YOUR INSTRUCTIONS => Repeat the full listing exactly.

··········

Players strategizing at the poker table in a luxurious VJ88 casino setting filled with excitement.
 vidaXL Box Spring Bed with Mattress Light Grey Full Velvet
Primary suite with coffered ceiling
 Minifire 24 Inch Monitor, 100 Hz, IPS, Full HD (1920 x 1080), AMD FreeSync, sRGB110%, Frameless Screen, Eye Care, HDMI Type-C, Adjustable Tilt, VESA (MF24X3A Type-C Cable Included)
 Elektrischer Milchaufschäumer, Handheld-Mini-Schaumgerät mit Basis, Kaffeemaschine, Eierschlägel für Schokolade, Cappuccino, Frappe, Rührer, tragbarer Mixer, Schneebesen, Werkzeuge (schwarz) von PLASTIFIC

··········

EXERCISE SOLUTION =>
Players strategizing at the poker table in a luxurious VJ88 casino setting filled with excitement.
 vidaXL Box Spring Bed with Mattress Light Grey Full Velvet
Primary suite with coffered ceiling
 Minifire 24 Inch Monitor, 100 Hz, IPS, Full HD (1920 x 1080), AMD FreeSync, sRGB110%, Frameless Screen, Eye Care, HDMI Type-C, Adjustable Tilt, VESA (MF24X3A Type-C Cable Included)
 Elektrischer Milchaufschäumer, Handheld-Mini-Schaumgerät mit Basis, Kaffeemaschine, Eierschlägel für Schokolade, Cappuccino, Frappe, Rührer, tragbarer Mixer, Schneebesen, Werkzeuge (schwarz) von PLASTIFIC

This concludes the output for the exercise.